The Department of Energy (DOE) has granted the last of seven large-scale carbon sequestration project awards to the Big Sky Regional Carbon Sequestration Partnership, an effort led by Montana State University-Bozeman. The $66.9 million award will allow the partnership to conduct a large-volume test in a Wyoming sandstone formation to demonstrate if it is possible to permanently and economically store more than two million tons of carbon dioxide underground.

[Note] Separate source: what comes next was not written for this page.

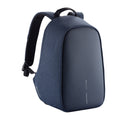 Navy - Lifestyle - XD Design Bobby Hero Anti-Theft Backpack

The Big Sky partnership’s large-volume injection test will be located at the Riley Ridge Unit on the LaBarge Platform in Southwest Wyoming. The project will demonstrate the entire CO2 injection process—pre-injection characterization, injection process monitoring, and post-injection monitoring—and provide the foundation for the future development of CO2 capture and storage opportunities in the region. Including the partnership’s cost share, the project is estimated to cost $130.6 million.
Big Sky plans to drill a CO2 injection well and then inject up to one million tons per year of CO2 into the Nugget Sandstone formation at a depth of approximately 11,000 feet. These eolian sandstone formations are present throughout the region and present the opportunity to store more than 100 years of CO2 emissions from point sources in the region. The CO2 for the project will be supplied by Cimarex Energy Company’s planned helium and natural gas processing plant at Riley Ridge.
The DOE’s award marks the end of the third phase of the Regional Carbon Sequestration Partnerships program. Six other large-scale field projects are currently being developed throughout the United States by the other Regional Partnerships. According to the DOE, this initiative, launched in 2003, forms the centerpiece of national efforts to develop the infrastructure and knowledge base needed to place carbon capture and storage technologies on the path to commercialization. The seven regional partnerships include more than 350 organizations from government, industry, and academia and extend across the United States and into Canada.
During the first phase of the program, the partnerships characterized the potential for CO2 storage in deep oil-, gas-, coal-, and saline-bearing formations. When Phase I ended in 2005, the partnerships had identified more than 3,000 billion metric tons of potential storage capacity in promising sinks—representing more than 1,000 years of storage capacity from point sources in North America, the DOE said.
In the program’s second phase, the partnerships implemented a portfolio of small-scale geologic and terrestrial sequestration projects. The purpose of these tests was to validate that different geologic formations have the injectivity, containment, and storage effectiveness needed for long-term sequestration.
Phase III large-volume tests are designed to validate that the capture, transportation, injection, and long-term storage of over one million tons of carbon dioxide can be done safely, permanently, and economically.